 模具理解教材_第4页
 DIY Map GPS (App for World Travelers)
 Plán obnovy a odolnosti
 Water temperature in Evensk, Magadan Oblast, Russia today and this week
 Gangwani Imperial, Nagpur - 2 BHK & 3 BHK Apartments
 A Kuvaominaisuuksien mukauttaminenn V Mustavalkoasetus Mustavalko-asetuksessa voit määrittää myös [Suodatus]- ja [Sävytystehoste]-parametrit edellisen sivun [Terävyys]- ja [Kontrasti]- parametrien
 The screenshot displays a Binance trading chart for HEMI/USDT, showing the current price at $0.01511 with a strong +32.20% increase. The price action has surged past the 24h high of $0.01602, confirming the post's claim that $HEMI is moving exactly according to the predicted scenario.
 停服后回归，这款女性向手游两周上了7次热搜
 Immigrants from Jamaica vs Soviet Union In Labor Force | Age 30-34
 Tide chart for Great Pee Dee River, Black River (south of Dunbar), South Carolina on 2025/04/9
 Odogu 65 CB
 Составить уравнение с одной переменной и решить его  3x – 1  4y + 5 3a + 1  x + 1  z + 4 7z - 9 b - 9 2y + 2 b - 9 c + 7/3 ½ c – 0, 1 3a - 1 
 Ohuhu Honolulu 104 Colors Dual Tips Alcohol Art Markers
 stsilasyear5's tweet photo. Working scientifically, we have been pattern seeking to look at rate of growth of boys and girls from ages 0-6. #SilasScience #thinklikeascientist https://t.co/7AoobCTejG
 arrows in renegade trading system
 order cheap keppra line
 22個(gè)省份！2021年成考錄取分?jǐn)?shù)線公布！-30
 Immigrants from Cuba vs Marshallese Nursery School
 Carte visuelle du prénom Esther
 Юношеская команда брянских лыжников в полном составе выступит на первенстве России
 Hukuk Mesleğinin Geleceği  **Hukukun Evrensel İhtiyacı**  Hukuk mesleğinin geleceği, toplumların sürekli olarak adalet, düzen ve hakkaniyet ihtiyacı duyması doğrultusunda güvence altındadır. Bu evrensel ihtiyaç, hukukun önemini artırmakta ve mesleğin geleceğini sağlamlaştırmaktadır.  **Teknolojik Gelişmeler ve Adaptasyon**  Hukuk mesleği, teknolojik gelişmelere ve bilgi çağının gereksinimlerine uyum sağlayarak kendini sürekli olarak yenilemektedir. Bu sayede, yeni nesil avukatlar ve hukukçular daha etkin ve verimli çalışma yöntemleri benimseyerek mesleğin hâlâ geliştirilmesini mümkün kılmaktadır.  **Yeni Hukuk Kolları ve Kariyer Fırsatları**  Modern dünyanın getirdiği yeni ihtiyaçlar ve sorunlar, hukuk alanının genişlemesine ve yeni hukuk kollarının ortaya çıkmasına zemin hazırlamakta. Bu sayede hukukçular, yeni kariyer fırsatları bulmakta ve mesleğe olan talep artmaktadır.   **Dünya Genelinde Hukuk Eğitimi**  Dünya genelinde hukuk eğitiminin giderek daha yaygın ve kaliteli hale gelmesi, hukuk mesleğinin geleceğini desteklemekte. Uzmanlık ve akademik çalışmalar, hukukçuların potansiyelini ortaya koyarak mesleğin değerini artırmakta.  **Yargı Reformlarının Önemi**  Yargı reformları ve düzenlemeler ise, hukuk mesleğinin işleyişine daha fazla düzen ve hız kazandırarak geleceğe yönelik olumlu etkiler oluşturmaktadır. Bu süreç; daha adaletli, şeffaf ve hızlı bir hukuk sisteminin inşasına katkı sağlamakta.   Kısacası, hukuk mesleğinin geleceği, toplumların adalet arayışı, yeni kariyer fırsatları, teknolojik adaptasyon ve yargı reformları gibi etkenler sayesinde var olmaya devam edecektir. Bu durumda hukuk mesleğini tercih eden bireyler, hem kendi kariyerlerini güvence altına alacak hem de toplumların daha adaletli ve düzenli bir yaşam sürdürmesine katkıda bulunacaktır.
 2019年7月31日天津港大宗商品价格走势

——————

### Assignment
Only the lines from the one with "order cheap keppra line" through the end of the material are wanted; copy them exactly, both ends included.

### Answer section
 order cheap keppra line
 22個(gè)省份！2021年成考錄取分?jǐn)?shù)線公布！-30
 Immigrants from Cuba vs Marshallese Nursery School
 Carte visuelle du prénom Esther
 Юношеская команда брянских лыжников в полном составе выступит на первенстве России
 Hukuk Mesleğinin Geleceği  **Hukukun Evrensel İhtiyacı**  Hukuk mesleğinin geleceği, toplumların sürekli olarak adalet, düzen ve hakkaniyet ihtiyacı duyması doğrultusunda güvence altındadır. Bu evrensel ihtiyaç, hukukun önemini artırmakta ve mesleğin geleceğini sağlamlaştırmaktadır.  **Teknolojik Gelişmeler ve Adaptasyon**  Hukuk mesleği, teknolojik gelişmelere ve bilgi çağının gereksinimlerine uyum sağlayarak kendini sürekli olarak yenilemektedir. Bu sayede, yeni nesil avukatlar ve hukukçular daha etkin ve verimli çalışma yöntemleri benimseyerek mesleğin hâlâ geliştirilmesini mümkün kılmaktadır.  **Yeni Hukuk Kolları ve Kariyer Fırsatları**  Modern dünyanın getirdiği yeni ihtiyaçlar ve sorunlar, hukuk alanının genişlemesine ve yeni hukuk kollarının ortaya çıkmasına zemin hazırlamakta. Bu sayede hukukçular, yeni kariyer fırsatları bulmakta ve mesleğe olan talep artmaktadır.   **Dünya Genelinde Hukuk Eğitimi**  Dünya genelinde hukuk eğitiminin giderek daha yaygın ve kaliteli hale gelmesi, hukuk mesleğinin geleceğini desteklemekte. Uzmanlık ve akademik çalışmalar, hukukçuların potansiyelini ortaya koyarak mesleğin değerini artırmakta.  **Yargı Reformlarının Önemi**  Yargı reformları ve düzenlemeler ise, hukuk mesleğinin işleyişine daha fazla düzen ve hız kazandırarak geleceğe yönelik olumlu etkiler oluşturmaktadır. Bu süreç; daha adaletli, şeffaf ve hızlı bir hukuk sisteminin inşasına katkı sağlamakta.   Kısacası, hukuk mesleğinin geleceği, toplumların adalet arayışı, yeni kariyer fırsatları, teknolojik adaptasyon ve yargı reformları gibi etkenler sayesinde var olmaya devam edecektir. Bu durumda hukuk mesleğini tercih eden bireyler, hem kendi kariyerlerini güvence altına alacak hem de toplumların daha adaletli ve düzenli bir yaşam sürdürmesine katkıda bulunacaktır.
 2019年7月31日天津港大宗商品价格走势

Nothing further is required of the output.